The Treasury has invited interested parties to comment on the latest exposure draft.  Closing date for submissions: Tuesday, 13 March 2012. Address written submissions to:
The General Manager
Indirect Tax Division
The Treasury
Langton Crescent

Copies of the Exposure Draft, the Explanatory Memorandum and the original June 2011 Consultation Paper are available HERE.

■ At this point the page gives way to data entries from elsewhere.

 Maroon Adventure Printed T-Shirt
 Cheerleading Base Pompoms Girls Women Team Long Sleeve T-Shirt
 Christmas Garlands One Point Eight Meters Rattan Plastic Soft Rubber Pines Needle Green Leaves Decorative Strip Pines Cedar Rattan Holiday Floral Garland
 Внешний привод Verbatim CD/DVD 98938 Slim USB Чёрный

My own submission to the June 2011 consultation paper was as follows:

“I make this brief submission in response to your Consultation Paper of 7 June 2011, in which it is proposed that section 195‑1 of A New Tax System (Goods and Services Tax) Act 2000 (the GST Act)  be amended to expressly provide that Division 105 operate to the exclusion of Division 58 where a mortgagee in possession or control sells the property of a corporation.  You have also asked a much broader question, which is “Is there an alternative way to better achieve the Government’s policy objective of a representative of an incapacitated entity being liable for GST for supplies of property in their possession or control belonging to a corporation?”
In my opinion:
  • Division 105 of the GST Act should not be amended as is proposed.

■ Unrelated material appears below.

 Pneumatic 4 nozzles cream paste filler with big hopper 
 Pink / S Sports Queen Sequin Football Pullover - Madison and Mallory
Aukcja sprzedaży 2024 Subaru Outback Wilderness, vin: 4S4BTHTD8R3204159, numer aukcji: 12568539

  • Where a mortgagee takes possession of most of the assets of a corporation, the GST outcome should be the same regardless of the mechanism the mortgagee employs to exercise its rights of repossession and sale.
ATO was just resolving a conflict
 The proposal in the Consultation Paper seems to be guided and influenced by ATO Interpretive Decision 2010/224.  However, that decision by the ATO does not seem to give much consideration to the tax and equity issues involved.  Rather, it just seems to resolve the conflict by applying “the accepted principle of statutory interpretation (which) is that a general provision would give way to the more specific provision where there is conflict between the provisions”. 
Not just a tax issue
There is a good reason why the term ‘controller’ in the Corporations Act 2001 includes a mortgagee who takes possession or control of a corporation’s property in the event of a default by the mortgagor.  Its arises out of abuses of corporate insolvency accountability principles that used to occur prior to 1993.  Back then, to deprive the ATO of its right to priority payment of outstanding group tax, and to avoid the reporting and compliance duties imposed under company law, banks and other mortgagees decided to use the “agent for the mortgagee in possession” option.  Amendments arising out of the ALRC’s 1988 General Insolvency Inquiry took the attractive advantages out of this option.

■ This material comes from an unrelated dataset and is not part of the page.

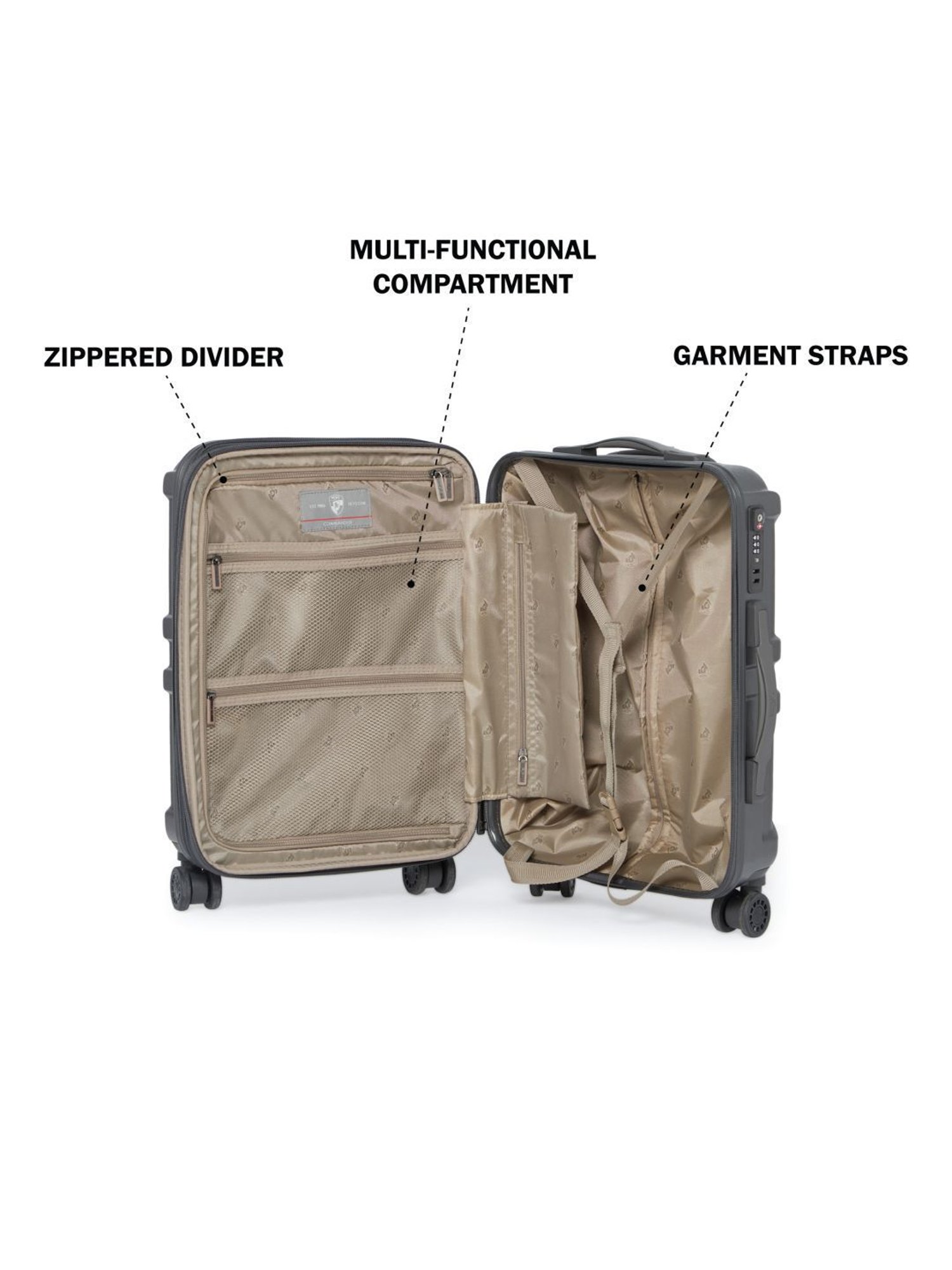 HEYS Commander Gunmetal Textured Hard Cabin Trolley Bag -21 cm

Even though the “agent for mortgagee in possession” and “mortgagee in possession” mechanisms are now caught by the Corporations Act, I believe we ought to carefully consider what influence the proposed change to Division 105 of the GST Act may have on the choices that mortgagees make when taking possession of a company’s assets.  (I refer here to those who have charges over most of a company’s assets.)  No doubt, if there are tax advantages or cost advantages in them, these alternative mechanisms will become popular again.  In which case we ought to consider whether this development might be to the detriment of accountability to employees, other creditors and the public. 
Division 58
It appears to me that Division 58 was drafted as it was because there would have seemed to be no logical or perceptible reason why the GST outcome of a mortgagee taking possession of a company’s assets should be determined by whether they appointed someone called a “receiver” or someone called an “agent for the mortgage”.  Personally, although I have read lots of relevant material I still cannot see why the GST outcomes should be different.  However, I can see a case for applying a provision such as Division 105 where a financier takes possession of an asset or two under right given in chattel mortgages or the like.
 Division 105
If Section 105.5 of the GST Act was intended to apply in a situation where a mortgagee takes possession of most of the assets of a company, I find this hard to see in its narrow wording.  It seems to apply to a very specific situation.  In my view Treasury should focus in this review on uncovering the meaning of Division 105 of the GST Act and defining what situation – other than those addressed by Division 58 of the GST Act – that Division 105 is trying to address, or should address.”